Schafe grasen für Schmetterlinge

on_Schaefer Gaebler Herde Panorama
Andrea Hammerl
am Mittwoch, 11.05.2022 - 15:00

Sascha Gäbler treibt 1000 Schafe und Ziegen auf die Wacholderheiden im Naturpark Altmühltal und pflegt damit einzigartige Biotope.

on_Schaefer Gaebler mit seiner Herde

Flächenfraß? Nein, darum muss sich Sascha Gäbler keine Sorgen machen, jedenfalls nicht bei seiner Sommerweide.
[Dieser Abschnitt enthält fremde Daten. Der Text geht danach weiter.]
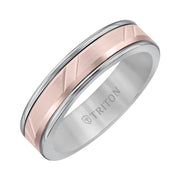 6mm Band with Classic Tungsten Exterior and Diagional Cuts 14K Yellow Gold Core
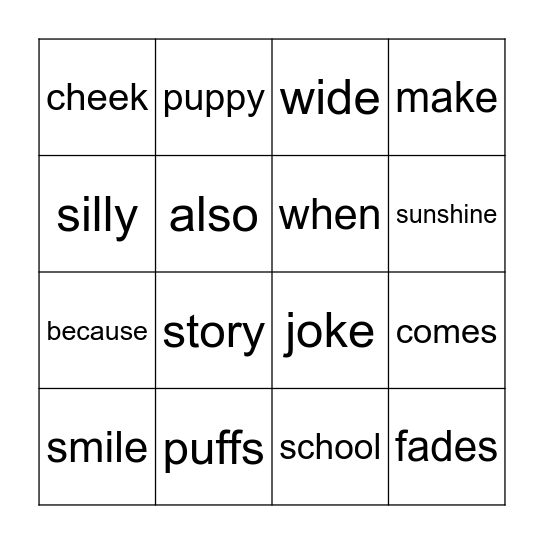 Tara Makes Us Smile Bingo Card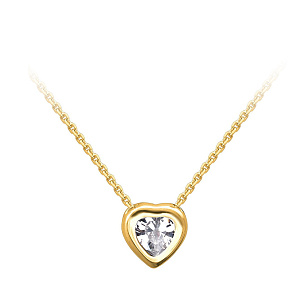 Колье из желтого золота с фианитом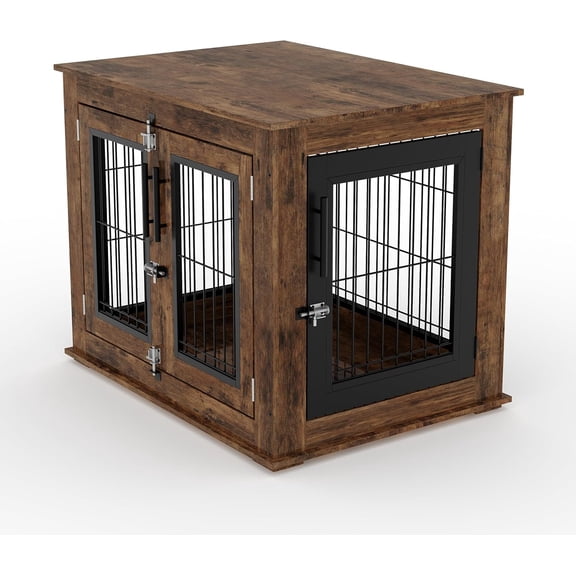 Rugerasy 31 Inch Dog Crate Furniture End Table,Farmhouse Wooden Kennel Cabinet with Double Doors for Small/Medium Dogs,Indoor Dog House Furniture Console for Living Room,As shown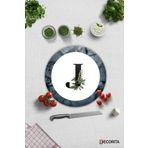 Cam Kesme Tahtası - Cam Kesme Tablası | Harfli Tasarım | J | Çap32cm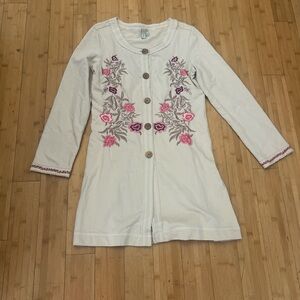 Sahalie White Embroidered Jacket with Pink and Purple Accents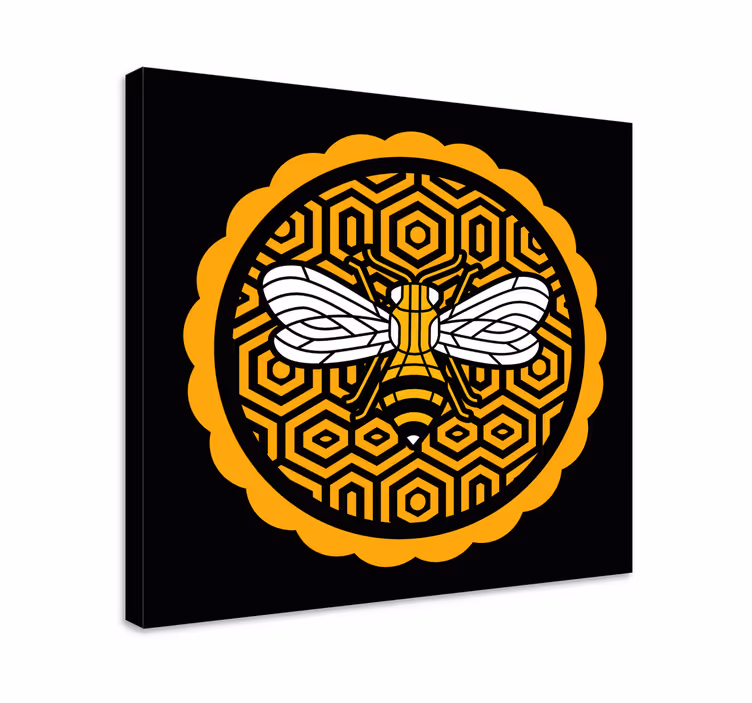 Obraz zvierat včela s hexagónmi - Tenstickers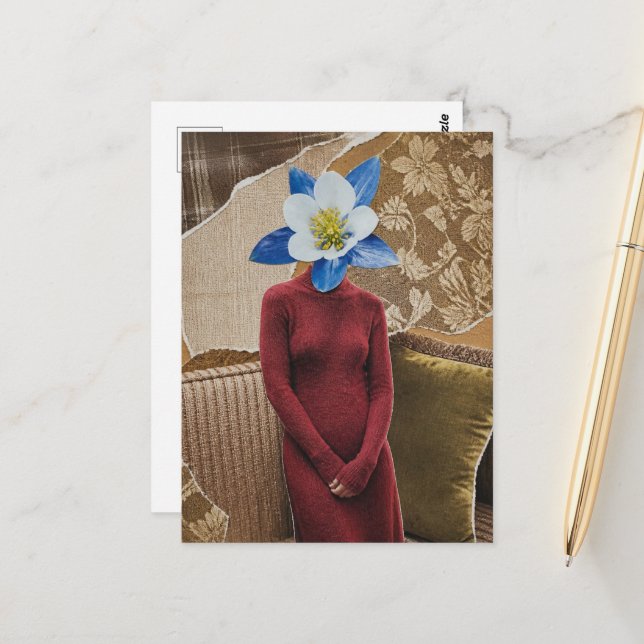 Postal Mujer Espléndida con Collage de Cabeza de Flor (Anverso/Reverso In Situ)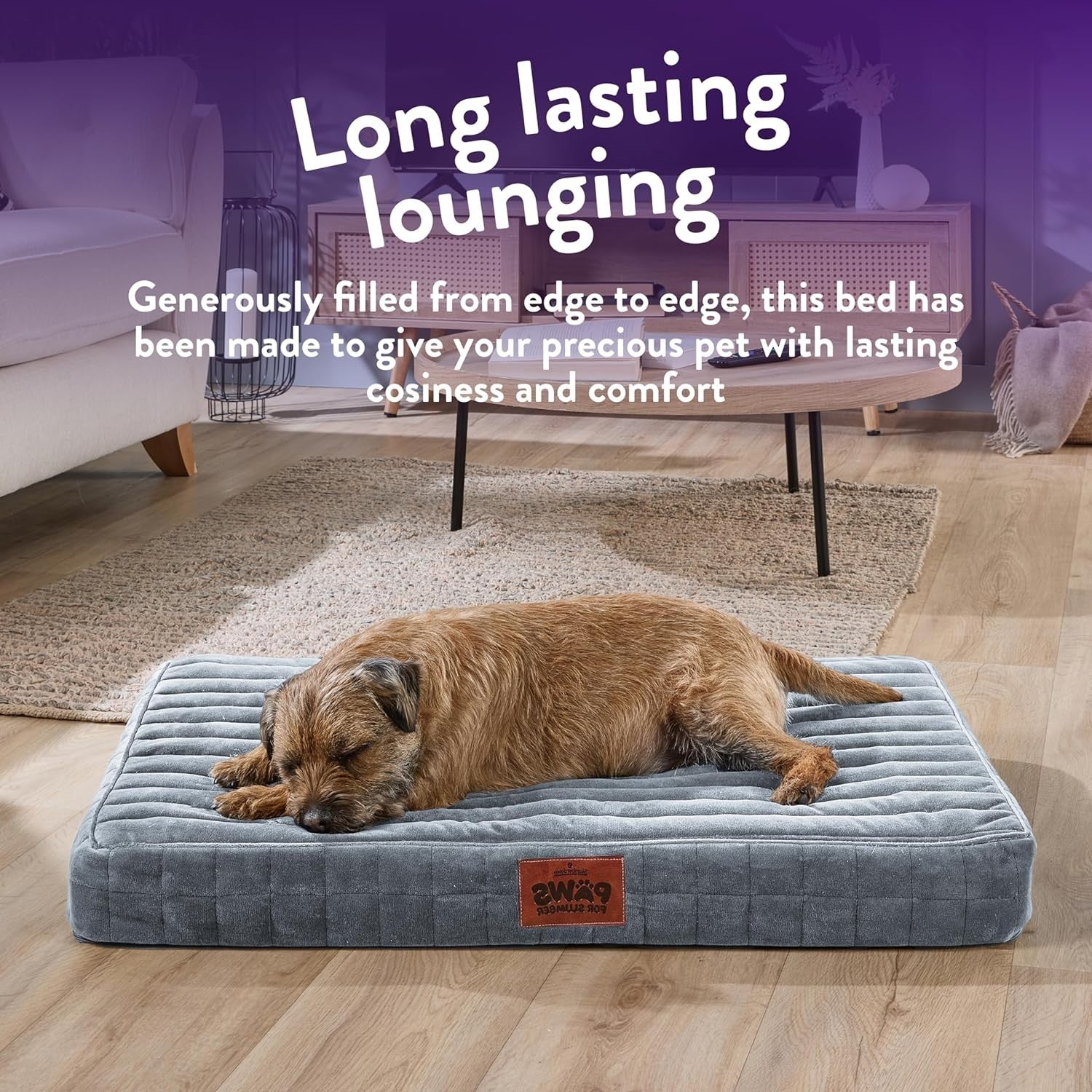 Medium Orthopedic Dog Bed 90x60x10cm Washable Crate Mat Grey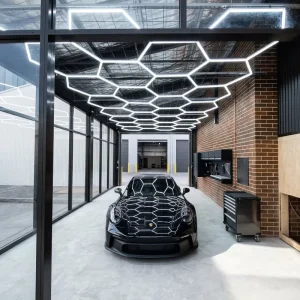 Exhibition Hall Ready Hexagon LED Garage Light 6500K High Lumen Aluminum Screw Mount Ceiling for Car Exhibition
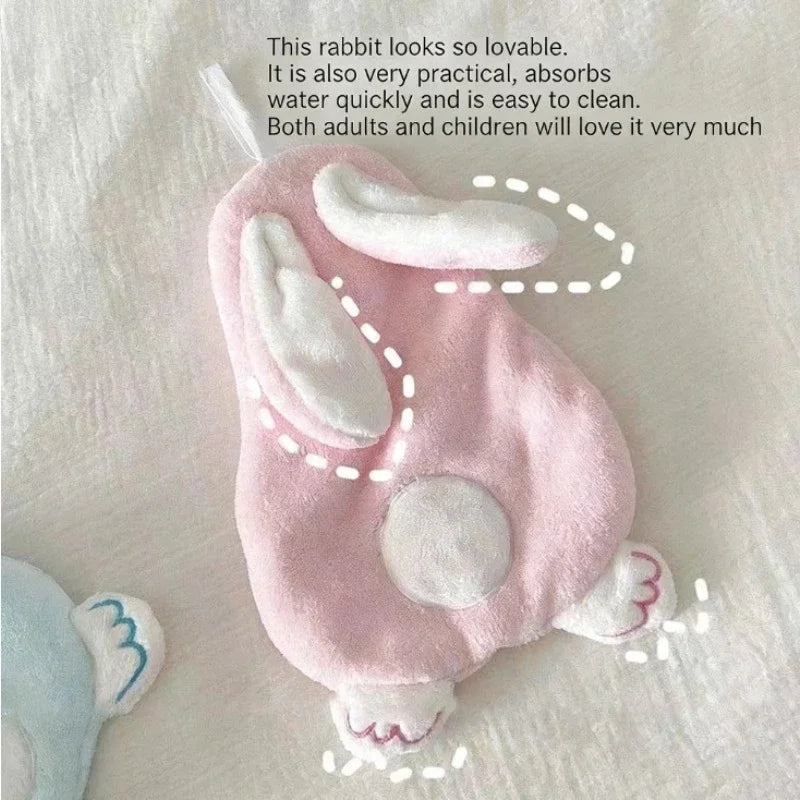 Cute Rabbit Coral Fleece Hand Towel – Soft & Absorbent Hand Towel Babs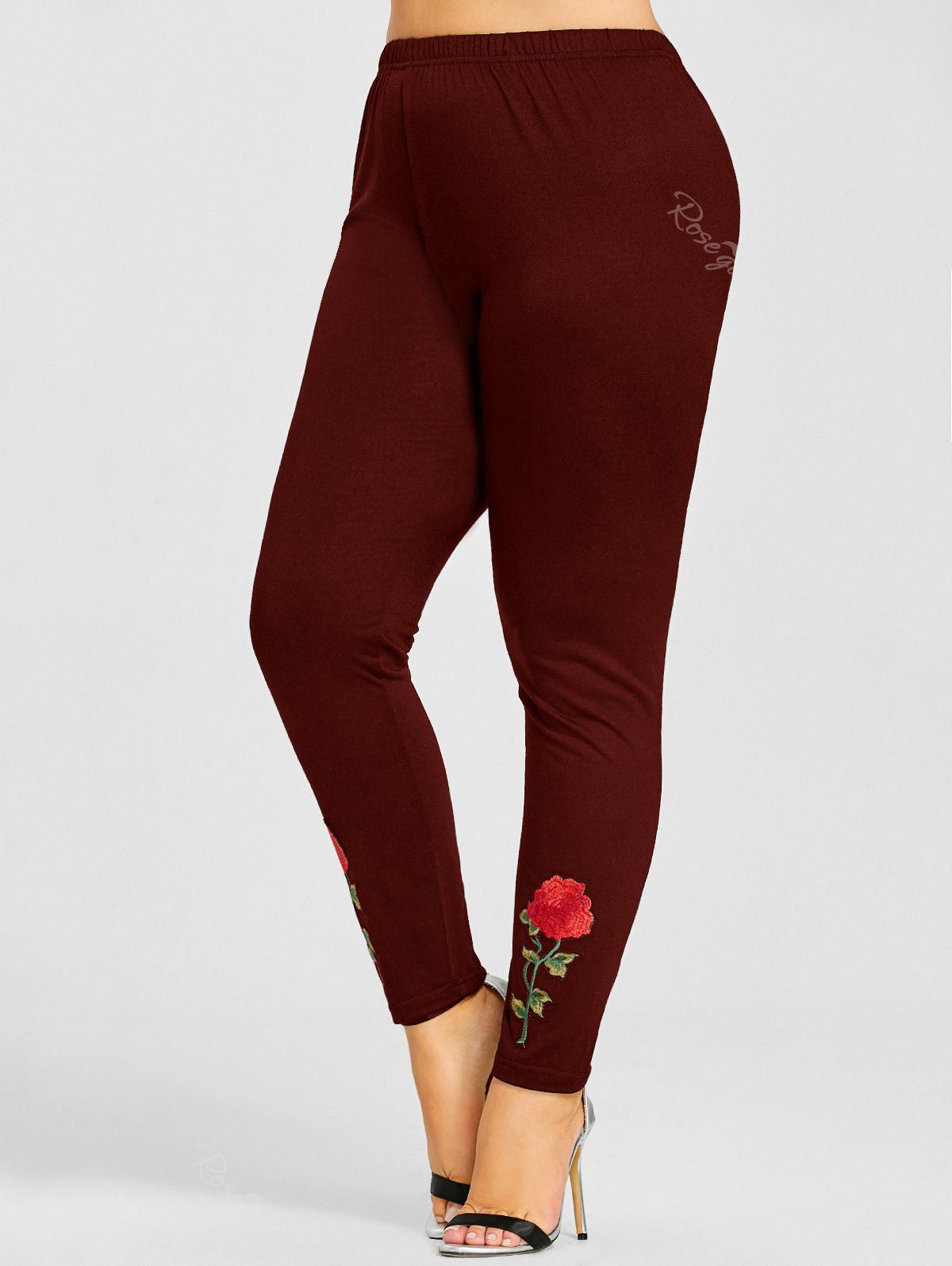 

Plus Size Flower Applique Leggings, Wine red
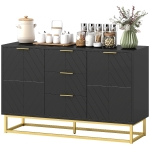 HOMCOM Sideboard Storage Cabinet with 3 Drawers, Adjustable Shelves and Doors, Kitchen Buffet Cabinet for Dining Room, Black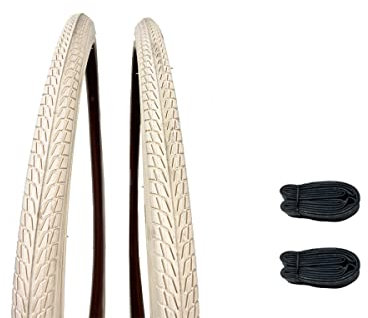 CST City Traveller 2 x Fahrradreifen 700 x 35/38 + 2 x Schlauch 28 Zoll CTB Citybike Damenfahrrad Herren Vintage Via Veneto Dolce Vita by Canellini (Creme)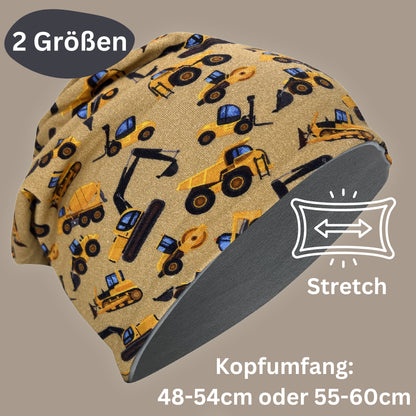 Kinder Beanie Mütze oder Loop - Baufahrzeuge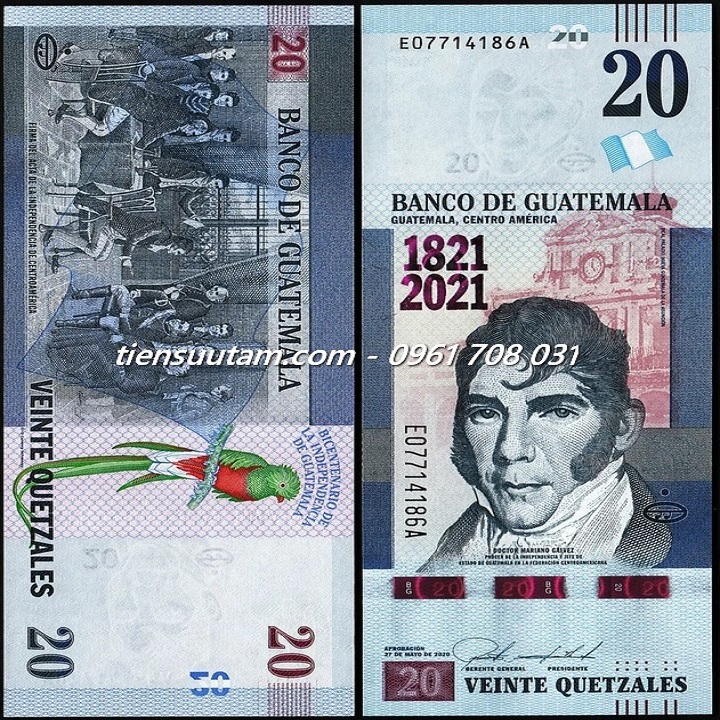 Guatemala 20 Quetzales 2021 UNC Kỷ Niệm 200 Năm Độc Lập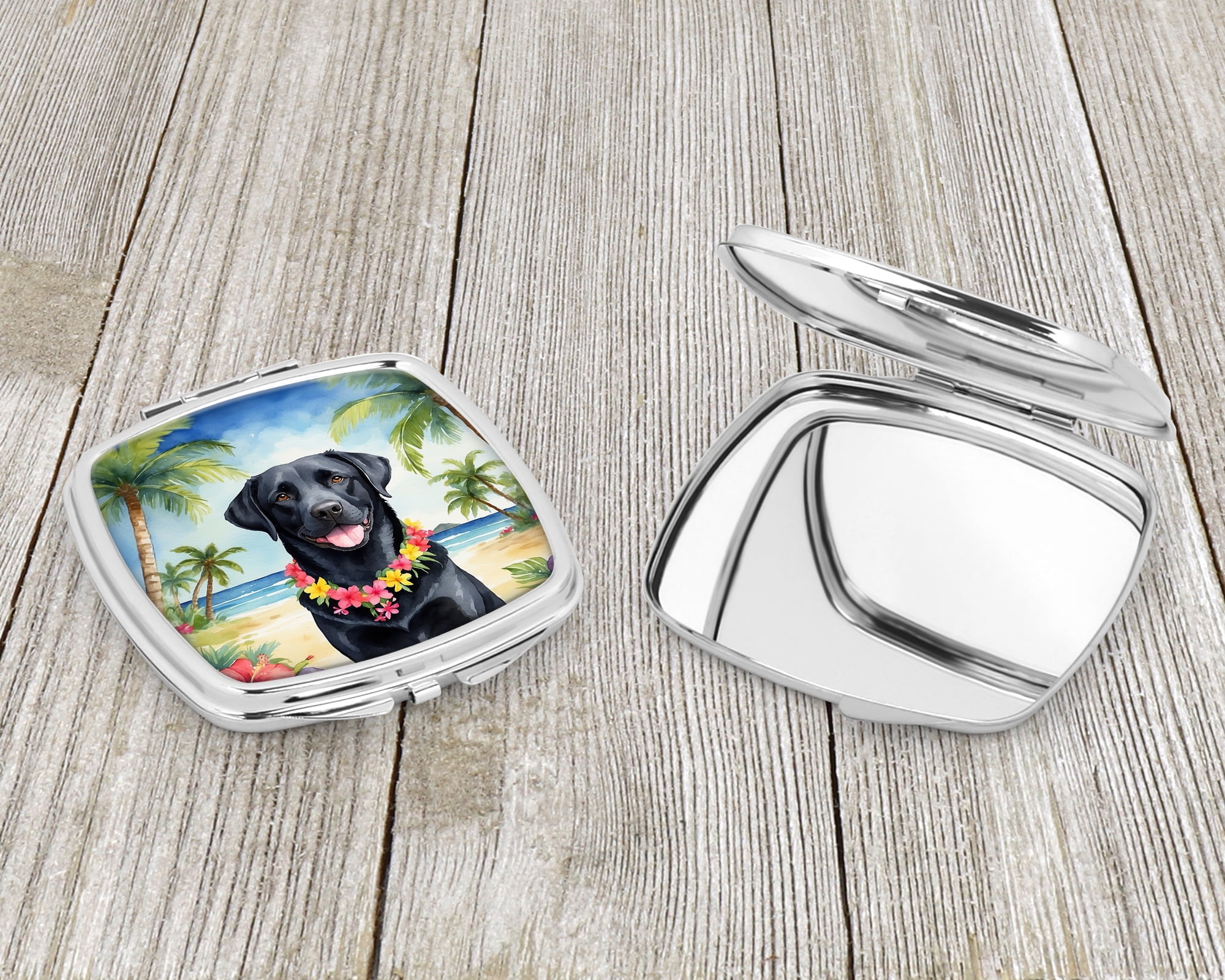 Black Labrador Retriever Luau Compact Mirror 2.75 in x 3 in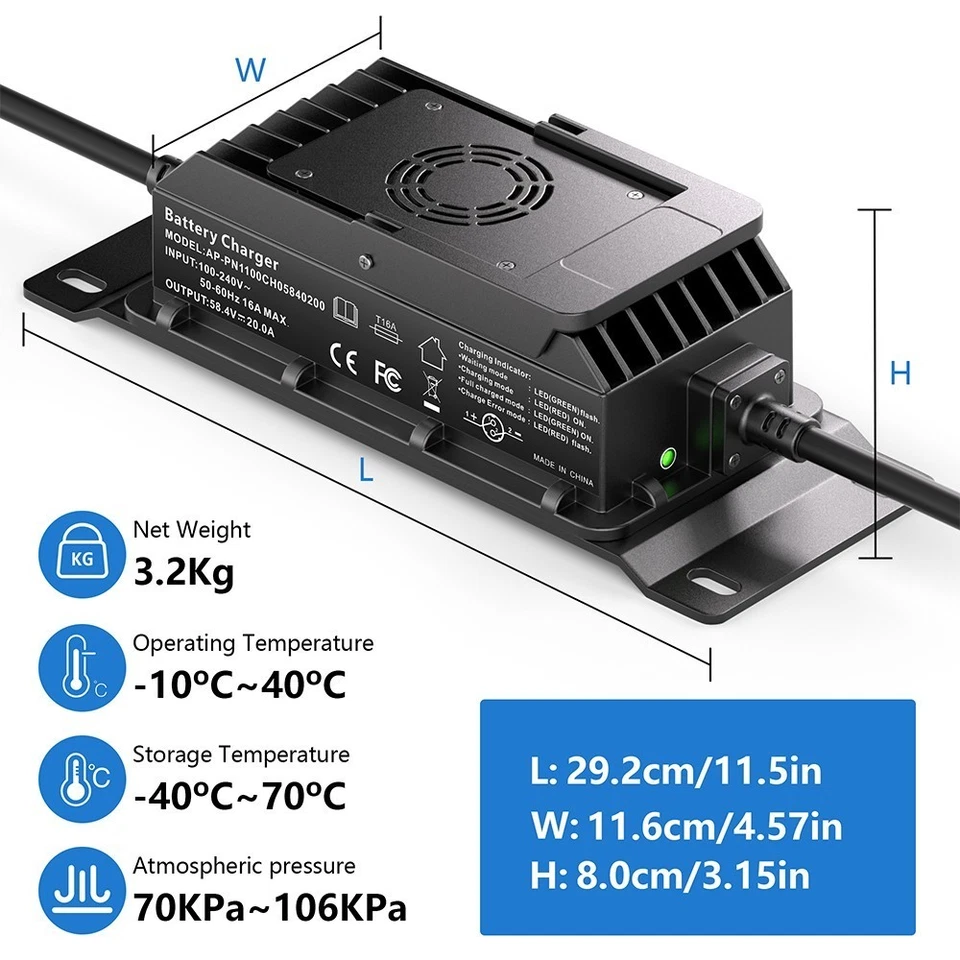 Cargador de batería de litio 20A 58,4 V para batería de litio LiFePO4 48 V carga rápida Foto 2 de 4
Der Wanderschäfer beweidet mit seiner Schafherde die Wacholderheide im FFH-Gebiet des Altmühltals zwischen Solnhofen, Mühlheim, Ochsenhart, Eßlingen und Mörsheim.

Karge, trockene, vor allem aber unverbaubare Hänge, ein Biotop für seltene Schmetterlinge, Vögel und Pflanzen. Sofern sie vor Verbuschung bewahrt werden. Das ist Gäblers Aufgabe, beziehungsweise die seiner 420 Mutterschafe samt Nachzucht und seiner 30 Ziegen. An die tausend Tiere treibt der Schäfer am Wochenende beim Altmühltaler Lammauftrieb wieder durch die engen Gassen von Mörsheim, begleitet von Tausenden von Zuschauern. Seinen wesentlich ruhigeren Job später in der Heide beschreibt er so: „Ich versuche, die Verbuschung zu verhindern, so gut es geht, und bestimmten Schmetterlingsarten ihr Refugium zu erhalten, damit sie sich gut entwickeln.“

on_Schaefer Gaebler Ziege

Seit gut zwanzig Jahren wird das mit Erfolg für den vom Aussterben bedrohten Apollofalter praktiziert, dem es hier an der Felsformation Zwölf-Apostel bei Solnhofen recht gut geht.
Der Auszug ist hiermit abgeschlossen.